Если мы говорим о некоем коллективном, четко скоординированном Западе, то еще три года назад его в таком виде не было. Штаты и Евросоюз в очень разные стороны тянули. Опять же посмотрим, сохранится ли этот Запад в его нынешнем виде после следующих президентских выборов в Америке. Нынешнее сплочение Запада какое-то ситуативное и не факт, что оно очень долго продлится. Бывали случаи относительного сплочения в какие-то моменты, но они, как правило, недолго продолжаются. Поэтому я думаю, что коллективный Запад — это некий ситуационный феномен, не более того, и наш провозглашенный поворот на Восток совсем не означает какую-то радикальную контрвестернизацию.
«Современное исследование революций показывает, что нефтяная зависимость, большие нефтяные доходы являются фактором стабильности»
«Я бы не оценивал риски революционной дестабилизации в России как какие-то аномально высокие»
— Вы очень подробно изучали периоды и ситуационные риски возникновения так называемых революционных волн. Заранее предсказали цветные революции, в частности в Египте. После этого стали одним из самых цитируемых в мире российских ученых в области гуманитарных дисциплин. По вашему мнению, не накроет ли нас эта волна в ближайшее время?
— Если анализировать с формальной точки зрения риски революционной дестабилизации, то они сейчас не безумно высокие. Один из них — это фискальный кризис. Большой государственный долг и отсутствие ресурсов для того, чтобы расплачиваться по своим обязательствам. У России в этом плане очень большой запас прочности. Современное исследование революций показывает, что нефтяная зависимость, большие нефтяные доходы являются фактором стабильности. До недавнего времени декларировалось и продвигалось мнение о некоем нефтяном проклятии, что нефтедобывающие страны больше подвержены рискам дестабилизации, чем иные государства. Но, ребята, посмотрите на Саудовскую Аравию, Катар, Арабские Эмираты, Бруней. Где вы видите там признаки дестабилизации? Напротив, постоянный источник нефтяных доходов имеет стабилизирующий эффект.

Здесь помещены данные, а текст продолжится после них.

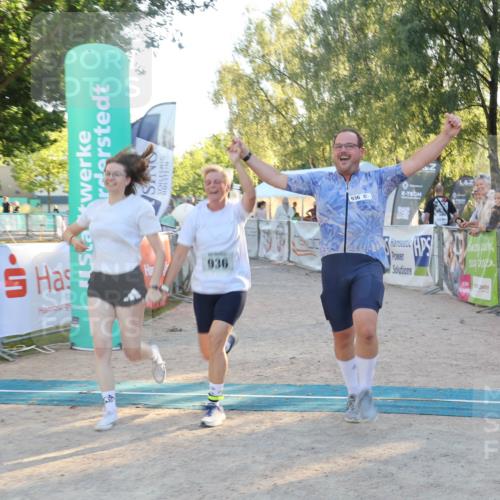 07.09.2025 - 19. Norderstedt Triathlon Luisa Fischer http://msf.ph/oto/8745428 07.09.2025 17:19:23 Ziel 936 meine-sportfotos.de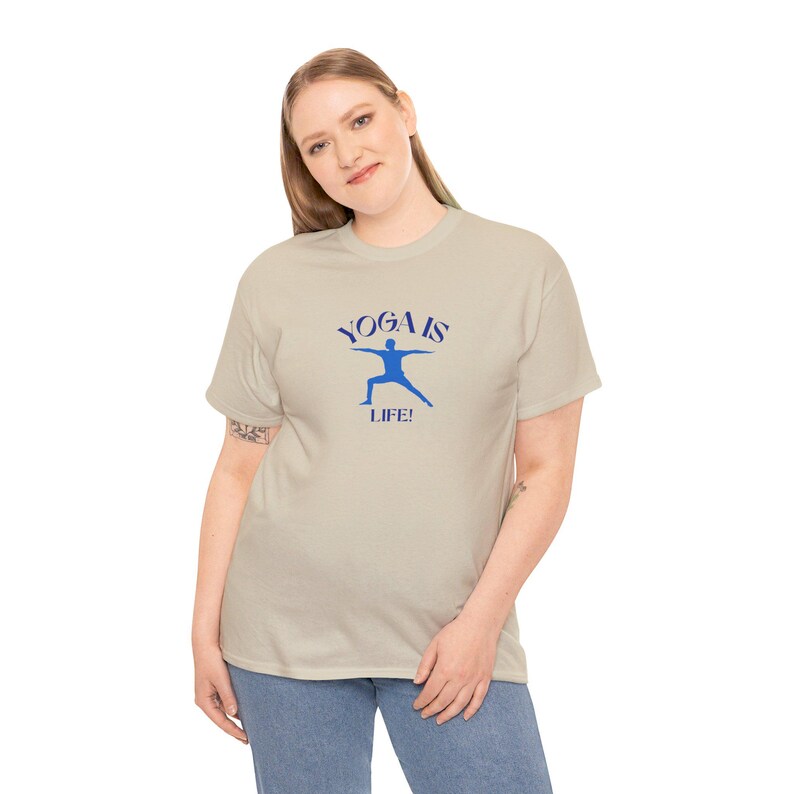 Camiseta Yoga is Life: 100 % algodón estadounidense imagen 2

Наиболее подвержены рискам дестабилизации промежуточные режимы, которые находятся между жесткой системой управления и широкой демократией. У нас произошло ужесточение политической системы, что как раз снижает такую опасность. Напротив, когда в таких системах начинается реальная демократизация, это создает мощные риски революционной дестабилизации. Поэтому я бы не оценивал риски революционной дестабилизации в России как какие-то аномально высокие. Но, конечно, многое будет зависеть от того, как пойдет и чем закончится спецоперация, потому что неудачи в такого рода мероприятиях, безусловно, мощный фактор революционной дестабилизации. Лично я считаю, что предыдущие революции настолько тяжело прошлись по российской истории, что чего-то подобного следует бояться и всячески избегать. Думать, что новая революция будет менее кровавой и разрушительной, опираясь на наш предыдущий исторический опыт, нет никаких оснований.
— Известный французский историк Марк Ферро в своей монографии «Николай II» пишет, что накануне революции 1917 года в России слишком многие хотели слишком разного. Сегодня у нас нет чего-то похожего?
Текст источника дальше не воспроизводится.